*What to produce*:
Only one stretch of the data below is wanted: the lines from the one with "France, Limoges, 1" through the one with "Carters Newborn Baby", repeated exactly.
Raw data Block Start
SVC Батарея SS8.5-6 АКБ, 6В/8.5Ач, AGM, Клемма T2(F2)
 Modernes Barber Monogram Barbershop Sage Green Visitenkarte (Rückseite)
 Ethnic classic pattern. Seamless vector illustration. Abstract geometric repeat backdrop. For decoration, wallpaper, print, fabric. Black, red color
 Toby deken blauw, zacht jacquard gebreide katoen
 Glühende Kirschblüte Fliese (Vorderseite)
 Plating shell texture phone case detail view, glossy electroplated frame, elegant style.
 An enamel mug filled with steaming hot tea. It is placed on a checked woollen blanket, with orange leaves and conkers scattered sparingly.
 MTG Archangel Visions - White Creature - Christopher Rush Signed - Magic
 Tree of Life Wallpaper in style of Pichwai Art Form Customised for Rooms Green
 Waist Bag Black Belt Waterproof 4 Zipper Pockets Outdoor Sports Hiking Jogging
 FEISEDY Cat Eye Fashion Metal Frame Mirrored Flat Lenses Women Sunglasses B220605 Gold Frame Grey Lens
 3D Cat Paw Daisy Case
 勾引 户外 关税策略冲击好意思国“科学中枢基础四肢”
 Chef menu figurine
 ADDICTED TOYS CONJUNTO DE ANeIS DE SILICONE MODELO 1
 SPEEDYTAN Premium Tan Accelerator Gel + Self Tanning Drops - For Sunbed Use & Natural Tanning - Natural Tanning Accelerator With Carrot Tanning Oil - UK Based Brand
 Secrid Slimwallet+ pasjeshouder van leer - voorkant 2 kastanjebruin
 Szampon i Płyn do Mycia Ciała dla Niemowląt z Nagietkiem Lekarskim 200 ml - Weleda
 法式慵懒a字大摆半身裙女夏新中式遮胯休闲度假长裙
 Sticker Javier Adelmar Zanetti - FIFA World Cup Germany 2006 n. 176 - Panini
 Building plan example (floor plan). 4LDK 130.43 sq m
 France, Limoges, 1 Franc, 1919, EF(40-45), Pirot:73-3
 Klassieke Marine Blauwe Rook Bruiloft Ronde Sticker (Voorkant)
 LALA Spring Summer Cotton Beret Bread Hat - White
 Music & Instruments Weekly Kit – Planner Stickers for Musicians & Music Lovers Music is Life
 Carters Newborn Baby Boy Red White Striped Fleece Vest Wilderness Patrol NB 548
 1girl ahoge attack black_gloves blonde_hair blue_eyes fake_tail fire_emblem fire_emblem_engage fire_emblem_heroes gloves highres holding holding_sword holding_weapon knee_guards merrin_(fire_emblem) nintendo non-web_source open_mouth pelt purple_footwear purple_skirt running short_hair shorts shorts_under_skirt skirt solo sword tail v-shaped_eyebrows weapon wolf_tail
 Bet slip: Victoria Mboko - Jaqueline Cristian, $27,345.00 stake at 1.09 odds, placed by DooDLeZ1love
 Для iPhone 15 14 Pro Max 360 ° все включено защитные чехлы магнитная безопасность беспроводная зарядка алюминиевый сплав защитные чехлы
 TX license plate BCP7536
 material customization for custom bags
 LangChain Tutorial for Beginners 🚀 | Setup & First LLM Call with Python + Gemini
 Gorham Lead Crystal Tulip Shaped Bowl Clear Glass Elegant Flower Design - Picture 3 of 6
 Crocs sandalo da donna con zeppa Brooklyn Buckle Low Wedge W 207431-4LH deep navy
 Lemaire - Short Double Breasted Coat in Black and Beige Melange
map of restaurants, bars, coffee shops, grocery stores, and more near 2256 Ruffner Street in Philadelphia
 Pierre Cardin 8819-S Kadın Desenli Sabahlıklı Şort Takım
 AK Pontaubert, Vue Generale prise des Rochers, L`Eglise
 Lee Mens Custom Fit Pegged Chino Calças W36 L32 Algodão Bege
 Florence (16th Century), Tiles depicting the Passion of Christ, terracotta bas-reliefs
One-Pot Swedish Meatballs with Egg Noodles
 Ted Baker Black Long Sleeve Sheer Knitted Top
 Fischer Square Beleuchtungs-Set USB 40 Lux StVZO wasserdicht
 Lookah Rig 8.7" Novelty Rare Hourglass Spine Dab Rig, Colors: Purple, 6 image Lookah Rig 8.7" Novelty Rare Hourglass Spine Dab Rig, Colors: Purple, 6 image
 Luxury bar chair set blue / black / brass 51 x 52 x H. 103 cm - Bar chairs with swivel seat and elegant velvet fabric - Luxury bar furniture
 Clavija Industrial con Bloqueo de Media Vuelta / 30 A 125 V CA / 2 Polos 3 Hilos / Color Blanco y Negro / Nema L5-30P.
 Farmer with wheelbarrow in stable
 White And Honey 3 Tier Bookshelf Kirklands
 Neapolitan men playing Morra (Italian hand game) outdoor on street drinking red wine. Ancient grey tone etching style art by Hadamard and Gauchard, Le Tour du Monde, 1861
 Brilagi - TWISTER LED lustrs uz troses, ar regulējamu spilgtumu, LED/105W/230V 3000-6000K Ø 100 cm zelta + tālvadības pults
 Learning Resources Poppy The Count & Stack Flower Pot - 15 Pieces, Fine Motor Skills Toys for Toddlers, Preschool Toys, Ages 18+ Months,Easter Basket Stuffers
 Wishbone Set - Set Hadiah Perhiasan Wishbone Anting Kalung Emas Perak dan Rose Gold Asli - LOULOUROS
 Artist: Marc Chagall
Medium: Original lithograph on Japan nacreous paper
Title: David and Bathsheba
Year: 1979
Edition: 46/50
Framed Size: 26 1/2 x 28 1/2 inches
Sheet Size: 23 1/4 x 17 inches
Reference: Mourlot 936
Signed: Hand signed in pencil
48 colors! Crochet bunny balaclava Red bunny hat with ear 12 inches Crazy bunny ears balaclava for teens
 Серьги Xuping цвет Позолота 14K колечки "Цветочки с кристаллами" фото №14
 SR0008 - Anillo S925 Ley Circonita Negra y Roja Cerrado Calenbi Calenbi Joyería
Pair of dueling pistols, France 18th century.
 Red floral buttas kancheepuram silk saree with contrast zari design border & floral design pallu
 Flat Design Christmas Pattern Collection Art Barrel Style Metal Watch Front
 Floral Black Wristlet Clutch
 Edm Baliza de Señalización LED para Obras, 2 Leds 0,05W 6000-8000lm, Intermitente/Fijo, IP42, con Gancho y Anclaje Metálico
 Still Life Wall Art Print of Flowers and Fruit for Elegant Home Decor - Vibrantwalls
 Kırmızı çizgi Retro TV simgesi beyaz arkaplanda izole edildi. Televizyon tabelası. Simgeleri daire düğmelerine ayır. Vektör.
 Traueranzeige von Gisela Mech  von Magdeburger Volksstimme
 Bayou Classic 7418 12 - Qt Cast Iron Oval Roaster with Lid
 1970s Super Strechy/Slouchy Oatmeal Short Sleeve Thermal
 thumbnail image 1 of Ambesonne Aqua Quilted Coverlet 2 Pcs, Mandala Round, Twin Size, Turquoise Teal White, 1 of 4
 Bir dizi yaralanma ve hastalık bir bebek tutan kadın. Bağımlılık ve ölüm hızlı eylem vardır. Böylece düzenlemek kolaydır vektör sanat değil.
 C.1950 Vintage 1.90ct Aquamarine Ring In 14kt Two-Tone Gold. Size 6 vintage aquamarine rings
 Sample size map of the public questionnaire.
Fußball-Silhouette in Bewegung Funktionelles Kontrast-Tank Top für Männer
Raw data Block End
*Exercise answer*:
 France, Limoges, 1 Franc, 1919, EF(40-45), Pirot:73-3
 Klassieke Marine Blauwe Rook Bruiloft Ronde Sticker (Voorkant)
 LALA Spring Summer Cotton Beret Bread Hat - White
 Music & Instruments Weekly Kit – Planner Stickers for Musicians & Music Lovers Music is Life
 Carters Newborn Baby Boy Red White Striped Fleece Vest Wilderness Patrol NB 548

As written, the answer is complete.